5. Investment in Unconsolidated Affiliate and Transactions with Affiliates

Investment in Unconsolidated Affiliate

We have a 50 percent ownership interest in Bear Creek Storage Company, L.L.C. (Bear Creek), a joint venture equally owned with Southern Natural Gas Company, L.L.C., our affiliate. For the quarters ended March 31, 2012 and 2011, we received $3 million and $1 million in cash distributions from Bear Creek.

Summarized financial information for Bear Creek for the quarters ended March 31 is presented as follows:

 

      000000000       000000000  
    2012     2011  
    (In millions)  

Operating results data:

               

Operating revenues

  $ 9     $ 10  

Operating expenses

    3       2  

Income from continuing operations and net income

    6       8  

In November 2011, Bear Creek, along with other unaffiliated companies, received an order from the FERC related to an investigation into the rates charged to customers. The FERC ordered Bear Creek to file a full cost and revenue study within 75 days of the order. Bear Creek filed the cost and revenue study in January 2012 and the outcome of the proceeding is not expected to be material to our results of operations.

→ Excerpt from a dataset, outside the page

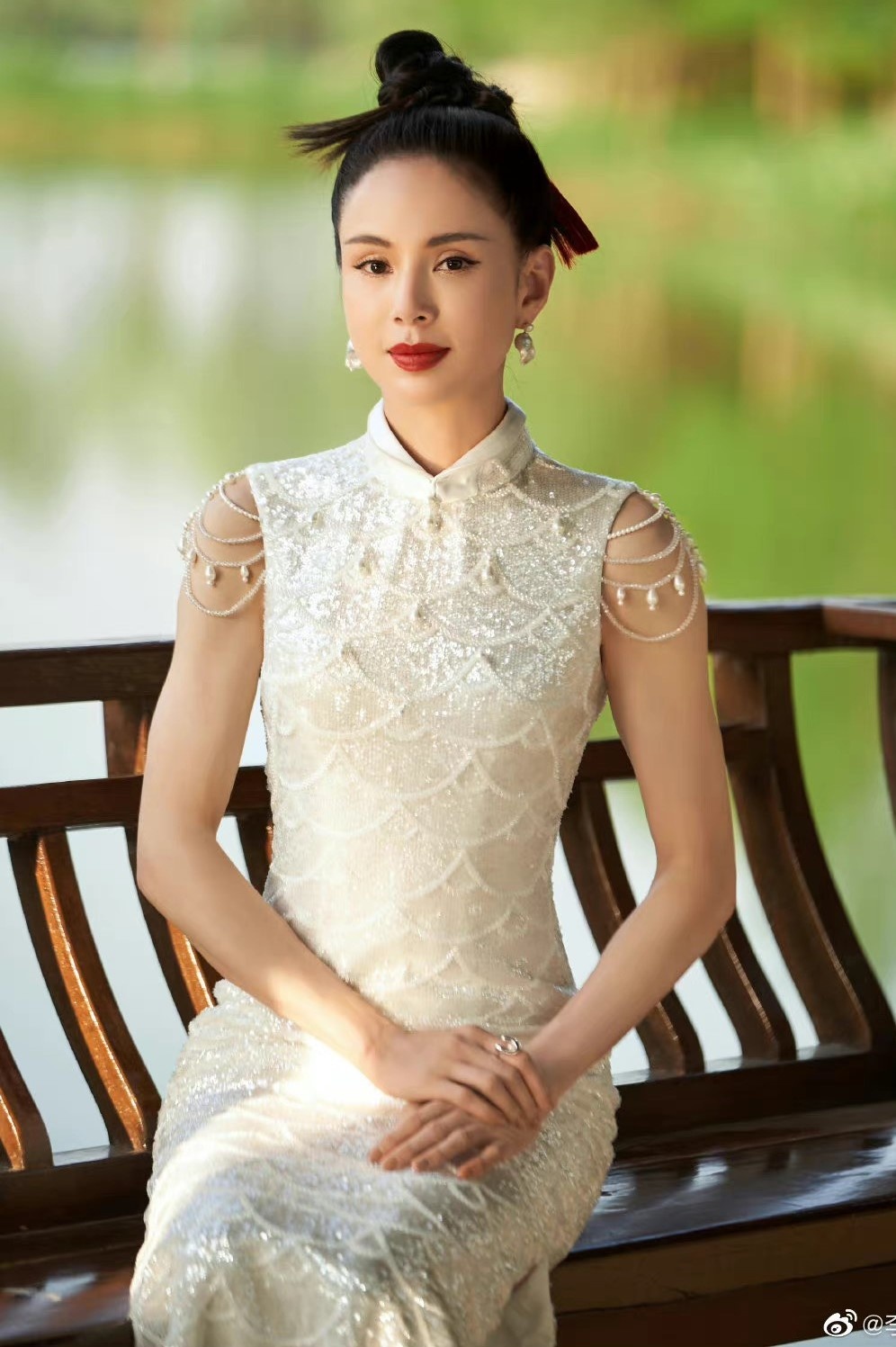 Lý Nhược Đồng bị chế giễu ảnh 2 Ly Nhuoc Dong bi che gieu anh 2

Transactions with Affiliates

Cash Management Program. We participate in El Paso’s cash management program which matches short-term cash surpluses and needs of participating affiliates, thus minimizing total borrowings from outside sources. El Paso uses the cash management program to settle intercompany transactions between participating affiliates. We have historically advanced cash to El Paso in exchange for an affiliated note receivable that is due upon demand. At March 31, 2012 and December 31, 2011, we had a note receivable from El Paso of $523 million and $519 million. We have classified this receivable as noncurrent on our balance sheet at March 31, 2012 as we do not anticipate using it in the next twelve months considering available cash sources and needs. The interest rate on this note is variable and was 2.5% at March 31, 2012 and December 31, 2011.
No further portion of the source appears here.